▶ What to produce
Below are entries; copy exactly the lines from the one with "Nostalgic 2 BR" through the one with "Matcha Strawberries Freeze", both included, and leave out the rest.

▶ Materials provided
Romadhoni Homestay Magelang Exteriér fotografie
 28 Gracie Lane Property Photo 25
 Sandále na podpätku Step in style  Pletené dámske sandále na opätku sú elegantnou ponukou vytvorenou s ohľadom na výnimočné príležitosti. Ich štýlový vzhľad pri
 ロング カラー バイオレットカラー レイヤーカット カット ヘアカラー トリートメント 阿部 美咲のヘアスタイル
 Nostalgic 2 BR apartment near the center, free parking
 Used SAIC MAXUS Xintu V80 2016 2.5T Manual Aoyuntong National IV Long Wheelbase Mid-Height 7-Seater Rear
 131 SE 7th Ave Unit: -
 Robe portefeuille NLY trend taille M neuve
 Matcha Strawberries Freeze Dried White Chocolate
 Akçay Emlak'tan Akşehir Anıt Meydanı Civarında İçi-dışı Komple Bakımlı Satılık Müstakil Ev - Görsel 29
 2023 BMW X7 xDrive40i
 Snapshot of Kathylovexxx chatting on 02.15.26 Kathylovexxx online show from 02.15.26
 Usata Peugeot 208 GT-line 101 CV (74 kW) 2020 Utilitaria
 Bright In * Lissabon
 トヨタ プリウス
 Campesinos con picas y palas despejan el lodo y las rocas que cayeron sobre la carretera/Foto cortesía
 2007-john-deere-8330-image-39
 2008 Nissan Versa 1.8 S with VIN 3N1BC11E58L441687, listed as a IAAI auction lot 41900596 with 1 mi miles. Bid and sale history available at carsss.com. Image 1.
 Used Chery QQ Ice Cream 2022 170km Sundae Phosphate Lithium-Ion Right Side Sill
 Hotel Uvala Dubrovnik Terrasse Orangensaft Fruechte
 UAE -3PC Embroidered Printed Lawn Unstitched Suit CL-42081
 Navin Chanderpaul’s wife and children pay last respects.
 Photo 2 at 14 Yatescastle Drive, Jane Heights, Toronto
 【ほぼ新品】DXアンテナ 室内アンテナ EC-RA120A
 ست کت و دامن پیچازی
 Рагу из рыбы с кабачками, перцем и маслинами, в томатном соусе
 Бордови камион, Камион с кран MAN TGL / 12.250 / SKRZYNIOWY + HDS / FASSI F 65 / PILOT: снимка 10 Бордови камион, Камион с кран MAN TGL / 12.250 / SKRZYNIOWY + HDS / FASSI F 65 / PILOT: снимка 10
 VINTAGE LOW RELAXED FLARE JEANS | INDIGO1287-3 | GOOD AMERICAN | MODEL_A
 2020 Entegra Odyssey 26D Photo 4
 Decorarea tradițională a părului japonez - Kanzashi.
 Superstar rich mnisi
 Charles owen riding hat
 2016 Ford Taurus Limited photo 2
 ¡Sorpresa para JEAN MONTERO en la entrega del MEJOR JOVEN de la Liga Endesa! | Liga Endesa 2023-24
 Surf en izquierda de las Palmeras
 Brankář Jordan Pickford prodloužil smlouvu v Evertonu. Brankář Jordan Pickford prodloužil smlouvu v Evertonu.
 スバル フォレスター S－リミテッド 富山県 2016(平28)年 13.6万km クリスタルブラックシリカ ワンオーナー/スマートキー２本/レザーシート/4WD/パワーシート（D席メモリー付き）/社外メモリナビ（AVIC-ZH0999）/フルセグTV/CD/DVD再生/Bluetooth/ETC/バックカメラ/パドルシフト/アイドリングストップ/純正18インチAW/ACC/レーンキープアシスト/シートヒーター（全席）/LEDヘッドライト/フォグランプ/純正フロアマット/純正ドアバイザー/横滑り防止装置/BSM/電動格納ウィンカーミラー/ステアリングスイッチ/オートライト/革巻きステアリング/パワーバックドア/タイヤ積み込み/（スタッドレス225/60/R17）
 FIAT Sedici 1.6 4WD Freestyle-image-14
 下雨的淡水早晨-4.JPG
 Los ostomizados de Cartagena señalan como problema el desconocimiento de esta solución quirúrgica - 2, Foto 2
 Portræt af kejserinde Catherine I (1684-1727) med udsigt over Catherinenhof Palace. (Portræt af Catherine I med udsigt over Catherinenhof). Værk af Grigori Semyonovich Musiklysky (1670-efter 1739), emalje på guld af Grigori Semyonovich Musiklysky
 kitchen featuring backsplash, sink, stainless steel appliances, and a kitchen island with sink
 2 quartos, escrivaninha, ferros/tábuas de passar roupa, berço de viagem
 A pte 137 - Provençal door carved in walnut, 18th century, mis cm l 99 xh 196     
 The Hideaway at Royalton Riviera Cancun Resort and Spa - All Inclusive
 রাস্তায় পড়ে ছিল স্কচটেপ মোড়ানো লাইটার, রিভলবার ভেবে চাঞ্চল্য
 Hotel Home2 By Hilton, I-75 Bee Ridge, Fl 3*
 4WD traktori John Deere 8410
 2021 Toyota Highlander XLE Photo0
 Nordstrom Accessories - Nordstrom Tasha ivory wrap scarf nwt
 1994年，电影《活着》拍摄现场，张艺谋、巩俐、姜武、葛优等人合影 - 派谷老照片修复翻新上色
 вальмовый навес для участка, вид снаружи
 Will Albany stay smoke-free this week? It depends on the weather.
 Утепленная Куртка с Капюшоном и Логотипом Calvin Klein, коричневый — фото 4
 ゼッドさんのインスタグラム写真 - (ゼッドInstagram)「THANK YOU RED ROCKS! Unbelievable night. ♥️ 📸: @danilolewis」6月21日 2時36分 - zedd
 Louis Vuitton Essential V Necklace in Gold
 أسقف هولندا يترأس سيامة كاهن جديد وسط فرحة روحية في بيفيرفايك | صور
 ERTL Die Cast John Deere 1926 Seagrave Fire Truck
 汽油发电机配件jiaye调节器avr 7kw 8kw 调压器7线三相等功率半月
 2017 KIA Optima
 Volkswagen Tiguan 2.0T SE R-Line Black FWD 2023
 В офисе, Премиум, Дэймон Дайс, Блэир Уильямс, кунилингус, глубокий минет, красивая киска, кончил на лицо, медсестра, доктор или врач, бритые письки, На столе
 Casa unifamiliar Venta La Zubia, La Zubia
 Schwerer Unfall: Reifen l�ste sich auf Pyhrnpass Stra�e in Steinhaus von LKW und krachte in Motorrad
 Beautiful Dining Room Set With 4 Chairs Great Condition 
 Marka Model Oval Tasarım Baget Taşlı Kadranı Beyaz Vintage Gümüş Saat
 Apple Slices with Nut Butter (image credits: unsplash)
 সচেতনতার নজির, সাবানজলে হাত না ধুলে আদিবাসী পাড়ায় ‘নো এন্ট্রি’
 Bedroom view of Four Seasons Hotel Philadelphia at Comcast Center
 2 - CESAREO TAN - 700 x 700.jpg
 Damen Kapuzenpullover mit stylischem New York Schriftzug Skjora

▶ Answer for the task
 Nostalgic 2 BR apartment near the center, free parking
 Used SAIC MAXUS Xintu V80 2016 2.5T Manual Aoyuntong National IV Long Wheelbase Mid-Height 7-Seater Rear
 131 SE 7th Ave Unit: -
 Robe portefeuille NLY trend taille M neuve
 Matcha Strawberries Freeze Dried White Chocolate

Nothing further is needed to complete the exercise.